En las discusiones políticas de los afectos dirigidas desde el Norte ha habido casi siempre un gran ausente: la multitud. Su dicotomía entre el buenismo afectivo y la racionalización política es una confrontación elitista: buscan conocer la técnica necesaria para lograr afectar, como convenga, a esa gran masa contemporánea y enajenada que, despojada de casi todo, retiene, cuando menos, la ilusión de elegir élites mandantes cada ciertos años. Esa retención engarza otra: la de su relevancia pragmática para los intereses de esas élites poseedoras de las cosas; es decir: objetivos liberales, irrelevantes en el fondo para el bienestar de la gente. Se hace como si los sentimientos fueran importantes sólo para asimilarlos y consolidar los objetivos del régimen egoísta. ¿Estamos, entonces, ante un mero viraje de instrumentos de opresión?
Si uno se quedara con la discusión académica de moda entre círculos pedantes, pareciera que sí: no queda más que ver quién construye o contrata mejores equipos mediáticos para afectar más y mejor a una multitud eternamente precarizada e idiota que, sin embargo, sigue siendo (cuando menos simbólicamente, para quienes creen prestar atención) la fuente de legitimidad de todo ejercicio de poder (incluso en medio de esta vorágine digital). Hay que forzar deseos… o, a lo mejor, frente al asco condescendiente, queda otra vía: la orgullosa y privilegiada indiferencia anarquista, que es el camino predilecto de aquellos a los que no les urge que nada cambie. «Si el Estado salva vidas frente a problemas de gran escala, peor para esas vidas: yo no admito formas de coordinación incompatibles con mi enorme orgullo». Dicen ellos mismos por ahí: «quieren obligarnos a gobernar. No caeremos en esa provocación». Pero eso sí: que se abran foros para que me pregunten cómo gastar el presupuesto; o que se me consulte por dónde deben pasar las tuberías del caño y a quién deben surtirle servicios públicos…

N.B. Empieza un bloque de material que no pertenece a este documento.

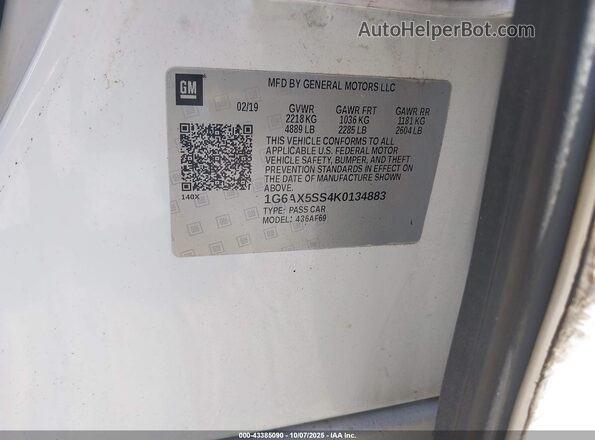 1G6AX5SS4K0134883 2019 CADILLAC CTS White Vista del compartimento del motor
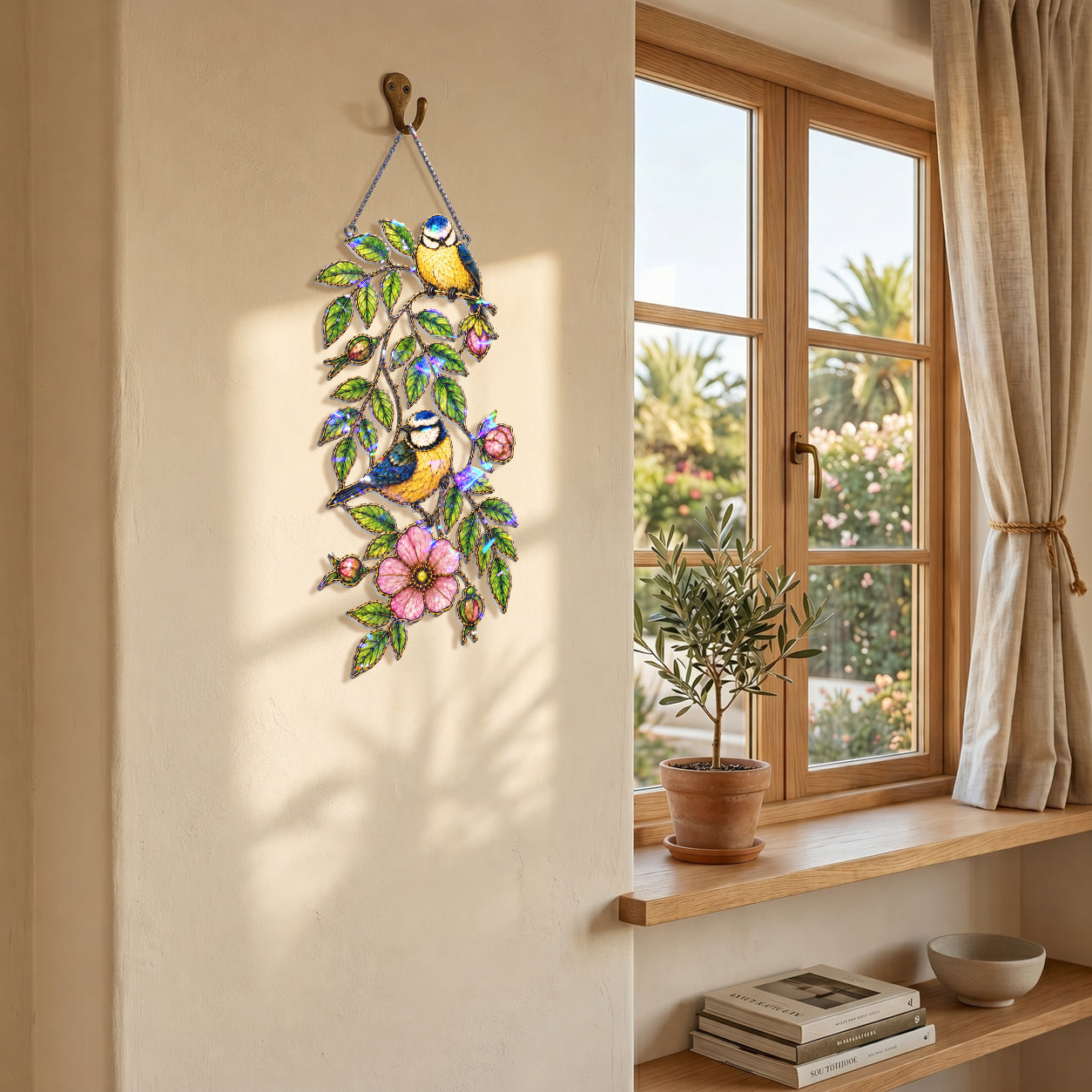 Blue tit and wild rose holographic suncatcher shown from an angle highlighting its holographic shimmer
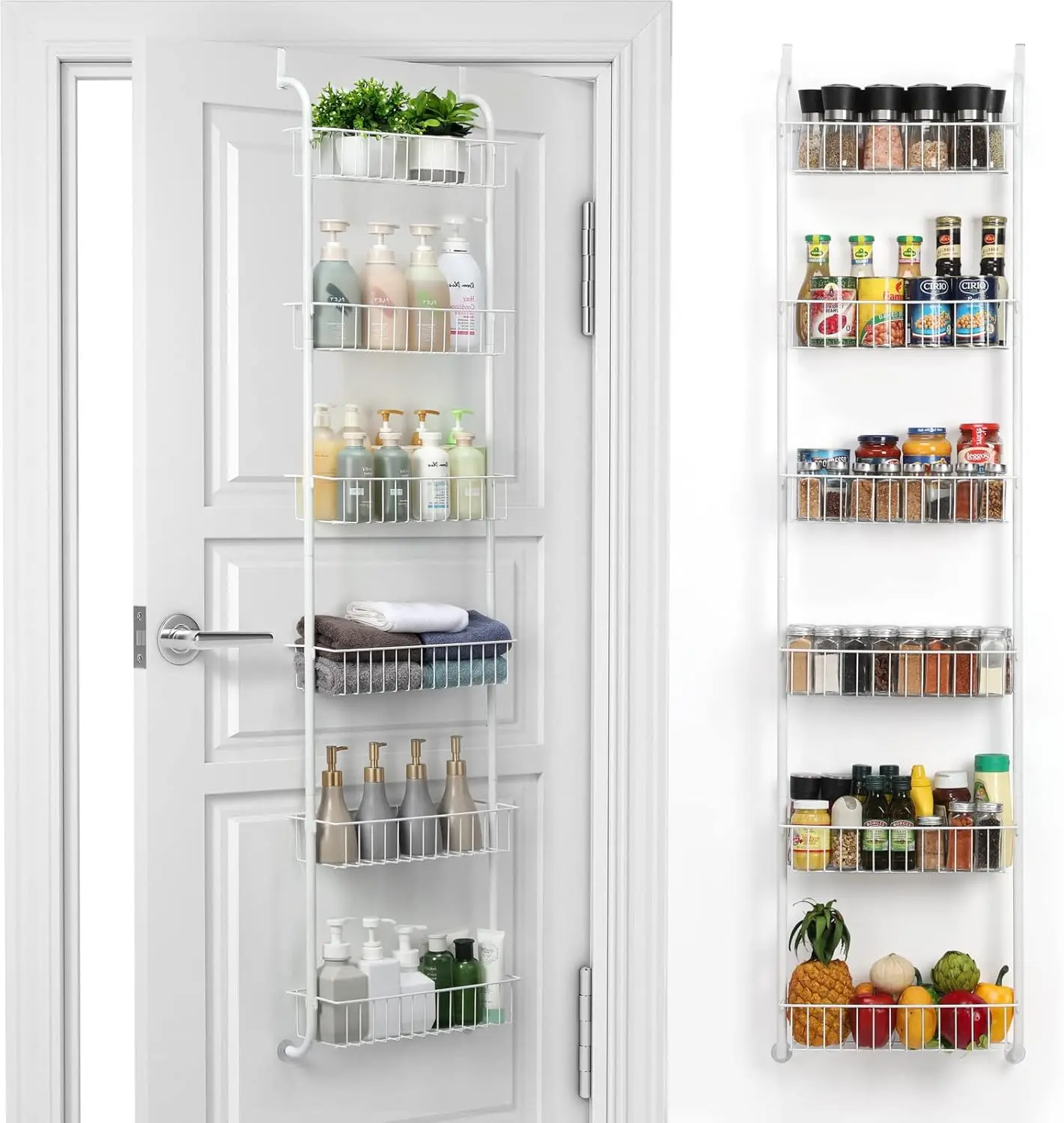 6-Tier Adjustable Pantry Organization Storage, Heavy-duty Metal Door Spice Rack for Kitchen, Bathroom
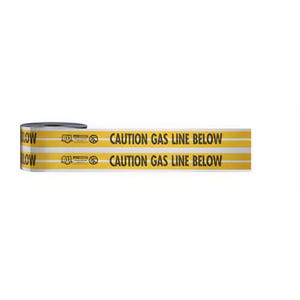 Empire® 31-143 Magnatec® Detectable Underground Tape, CAUTION GAS LINE BELOW Legend, Yellow, 6 in x 1,000 ft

Los movimientos progresistas latinoamericanos han optado por otra cosa: se han mantenido al margen de este marco miserable y, en cambio, han llenado de pueblo la antesala de la democracia. Es decir: en lugar de enfrascarse en la idiotez bizantina que se da en las alturas de marfil, han planteado otro eje: no se trata principalmente de ser grandes afectadores por la vía de los medios de comunicación, ni de regocijarse en caprichos; se trata de recolocar al demos al centro y, desde ahí, escucharlo, afectarlo y dejarse afectar por él, pero sin quedarse ahí: después se proyectan medidas contra sus dolores de gran escala. No sólo los afectos, sino también las ideas, intereses y perspectivas del soberano se ponen al centro y se transforman en resultados materiales. Se conduce, se hace uno cargo de la tragedia y se asume la responsabilidad de que todas y todos vivamos un poquito mejor.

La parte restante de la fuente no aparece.